Principle:Datahub project Datahub Spark Event Interception
| Attribute | Value |
|---|---|
| Page Type | Principle |
| Workflow | Spark_Lineage_Capture |
| Pair | 3 of 6 |
| Implementation | Implementation:Datahub_project_Datahub_DatahubSparkListener_Lifecycle |
| Repository | https://github.com/datahub-project/datahub |
| Last Updated | 2026-02-09 17:00 GMT |
Overview
Description
Spark Event Interception is the principle of intercepting distributed processing engine lifecycle events to capture metadata about data transformations as they occur. In DataHub's Spark integration, this is implemented through the DatahubSparkListener class, which extends Spark's native SparkListener interface to receive callbacks for application start/end and job start/end events.

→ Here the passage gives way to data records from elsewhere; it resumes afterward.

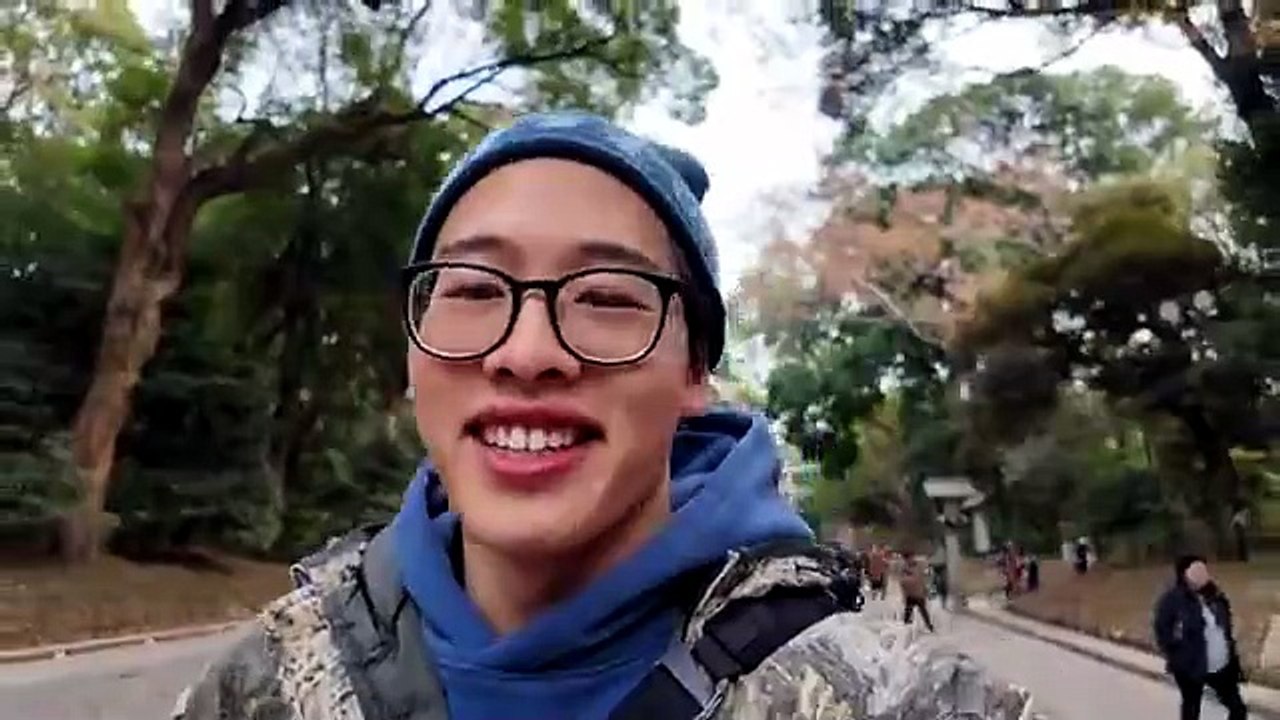 Solo trevel in Tokyo vlog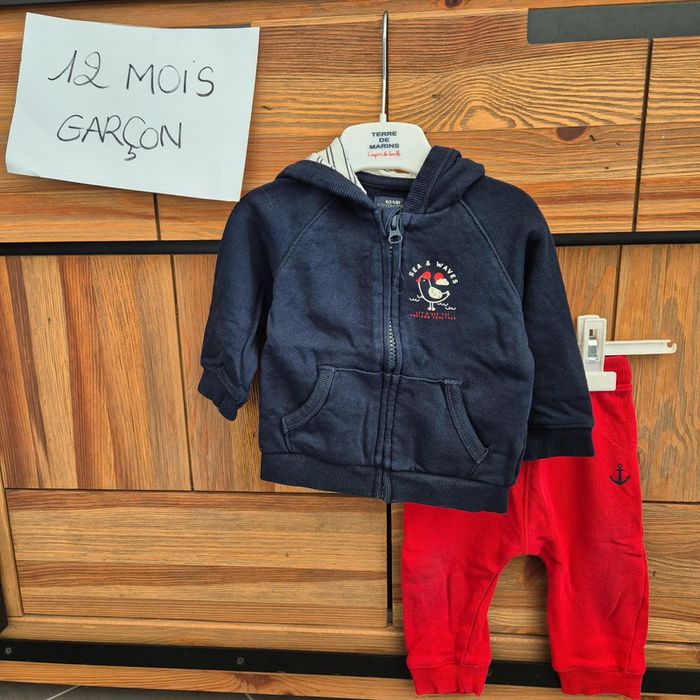 Ensemble 12 mois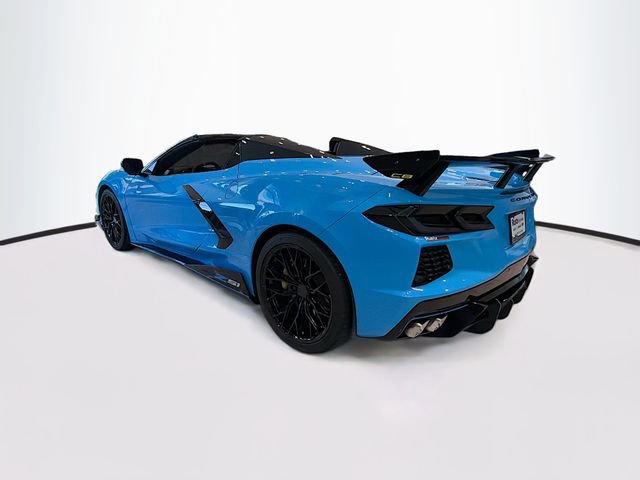 Used 2022 Chevrolet Corvette Stingray Premium Conv w/ Z51 Performance Package image 6
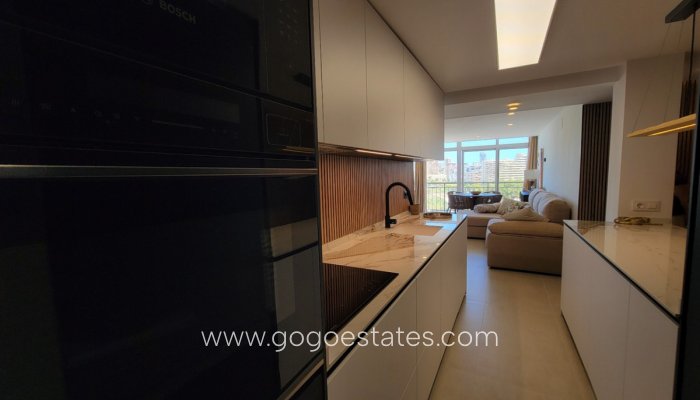 Te koop - Appartement - Appartement op de middelste verdieping - Calpe - Calpe Centro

The listener acts as an observer in the Spark runtime, receiving notifications at each stage of the Spark application lifecycle. When events are received, the listener delegates to two internal components: an OpenLineageSparkListener (which converts Spark execution plans into standardized OpenLineage events) and a DatahubEventEmitter (which converts those events into DataHub metadata and emits them to the configured transport).
This principle ensures that metadata capture is event-driven rather than poll-based, capturing lineage information at the exact moments when Spark jobs begin and complete execution.
Usage
Spark Event Interception is activated by registering the listener class via the spark.extraListeners configuration property:
spark.extraListeners=datahub.spark.DatahubSparkListener
Once registered, the listener automatically receives callbacks for:
- Application start: Captures the application name, ID, attempt ID, Spark user, and start time. Initializes the OpenLineage context factory and the DataHub event emitter.
- Application end: Triggers the final coalesced emission of all accumulated lineage metadata (when coalescing is enabled). For non-streaming jobs, this is the primary emission point.
- Job start: Delegates to the OpenLineage listener to begin tracking the Spark execution plan for the job. Ensures the context factory is initialized.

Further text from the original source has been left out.